The secret contract Apeldoorn signed with RadioLED is strongly reminiscent of the Ministry of Economic Affairs’ agreement – also secret at the time – with telecommunications companies, which stipulated that municipalities would be left out of the loop and that the Dutch population could not object to the deployment of (future) wireless communication networks.
Although Apeldoorn is the first municipality in the Netherlands to implement the Smart City project, this project is also on the agenda in the other municipalities. However, the political debate on the radiation and 5G dossier in The Hague has been hushed up.
However, the report “5G and Health”, published by the Health Council 2020, shows that the impact of 5G on health has not yet been researched in part, that the actual health risks are not known, and that a link between 5G and health damage for several diseases cannot be ruled out.
This, in effect, makes us the guinea pig. This report was on the House of Commons agenda three times in late 2020, but the discussion was postponed each time. Since then, no politician has returned to it.
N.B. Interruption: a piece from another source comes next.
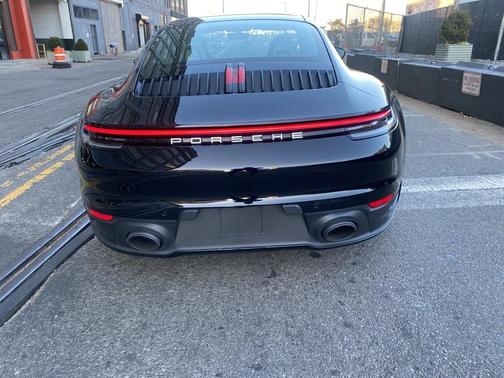 2024 Porsche 911 Carrera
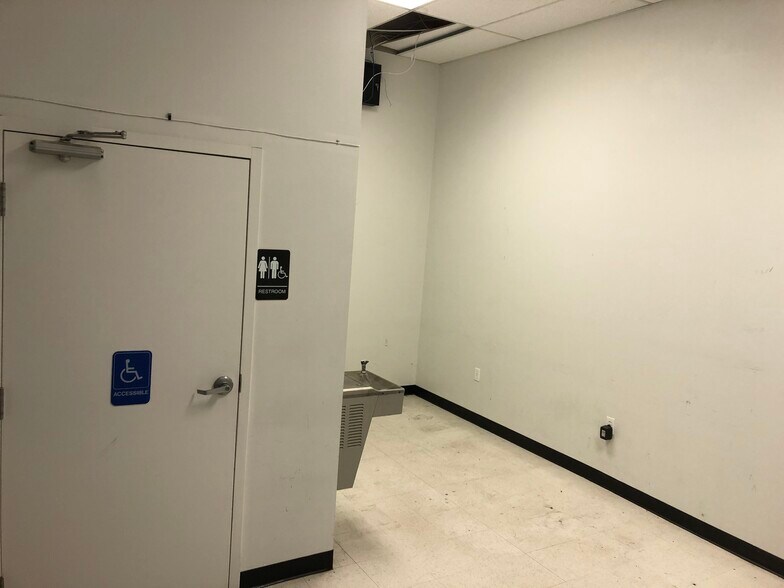 More Photos Of 5201 W 34th St, Houston Freestanding For Lease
The first phase of the 5G (700, 1400, and 2100 MHz auction) is now a fact. The proceeds for the state: 1.23 billion euros. The second phase (auction of 3.5 GHz) is scheduled for the end of 2022. This will bring nationwide coverage through a comprehensive network of 5G small cells (micro antennas).
This will literally land our privacy on the street, and the door to the surveillance state will be wide open.